### Prompt
Repeat each entry exactly, but do not carry over the pictures.

※

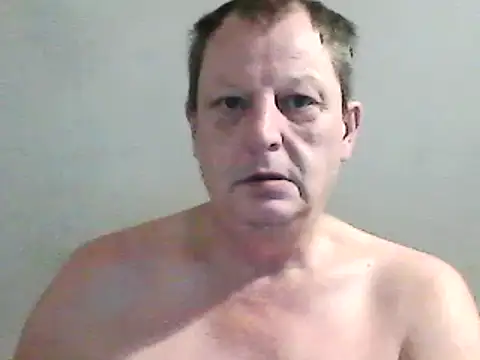 Snapshot of chubbybear2cum chatting on 12, 12, 2024 chubbybear2cum online show from 12, 12, 2024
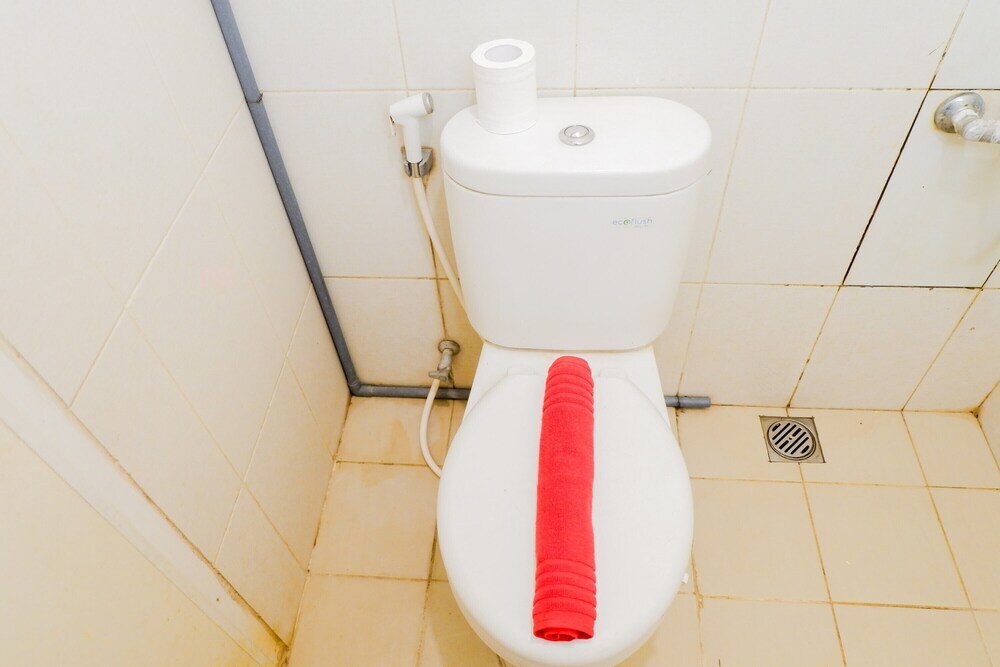 Отель Best Value Studio Room Apartment at Educity, фото 6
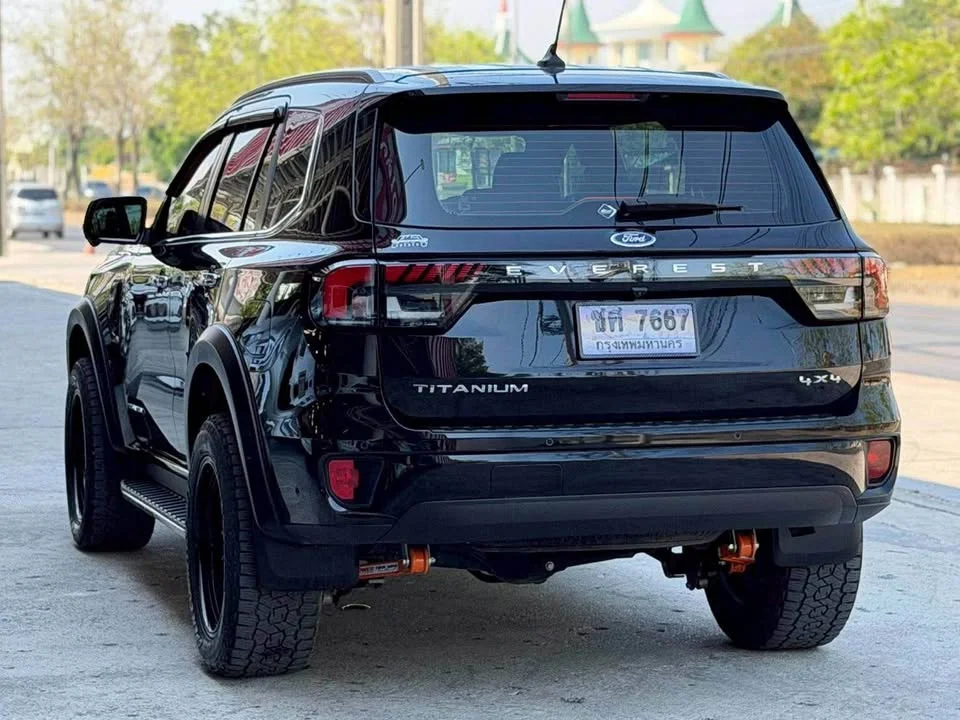 2022 Ford Everest III 2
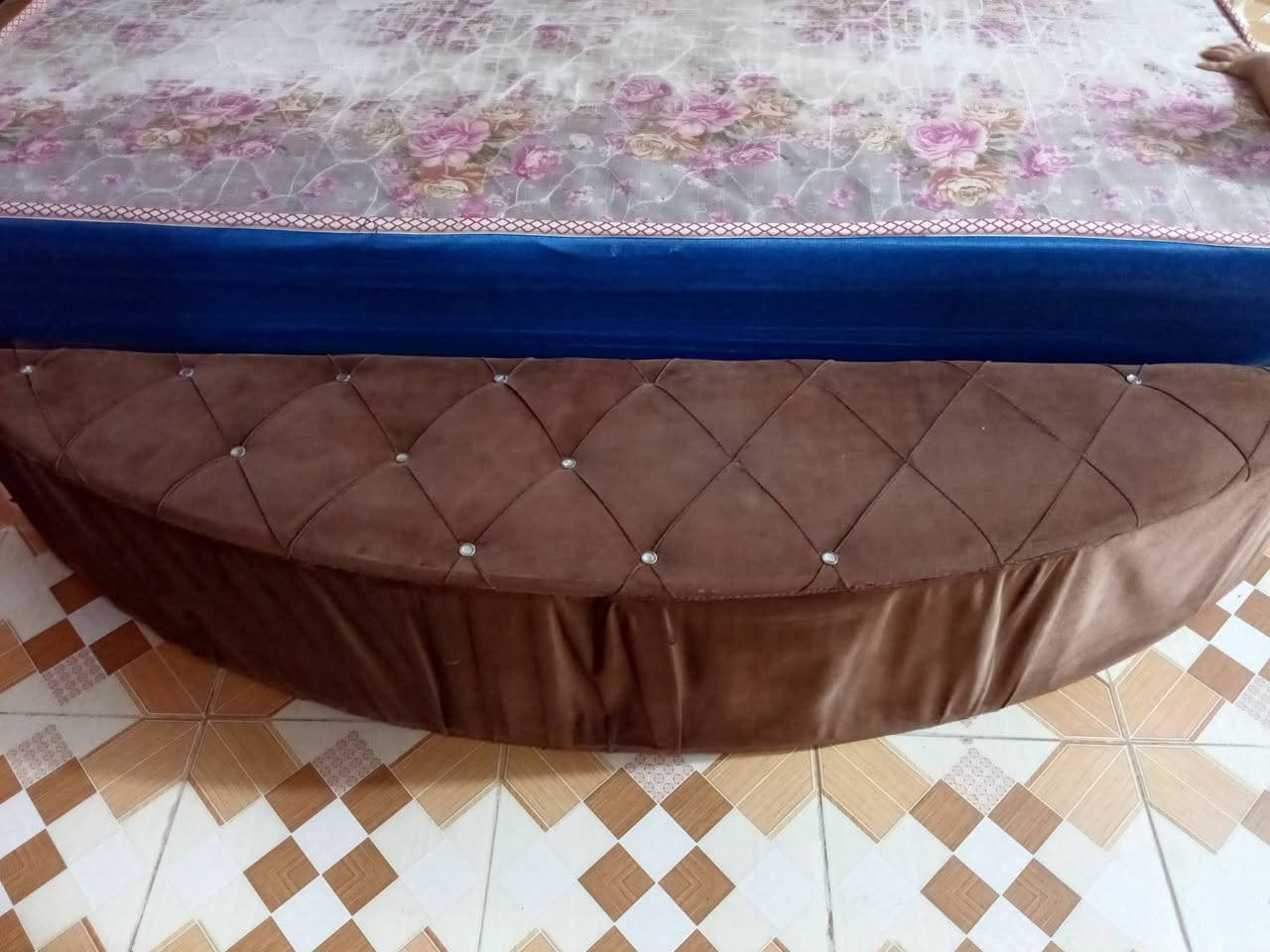 سلام عليكم عندي غرفه تركيه البيع سعر 350 وبيها مجال وبيه اضرار بسيطه


**إذا كنت صاحب هذا الإعلان وتريد حذفه لأي سبب، رجاءا أرسل رسالة إلى الدعم الفني**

※

### Response box
 Snapshot of chubbybear2cum chatting on 12, 12, 2024 chubbybear2cum online show from 12, 12, 2024
 Отель Best Value Studio Room Apartment at Educity, фото 6
 2022 Ford Everest III 2
 سلام عليكم عندي غرفه تركيه البيع سعر 350 وبيها مجال وبيه اضرار بسيطه


**إذا كنت صاحب هذا الإعلان وتريد حذفه لأي سبب، رجاءا أرسل رسالة إلى الدعم الفني**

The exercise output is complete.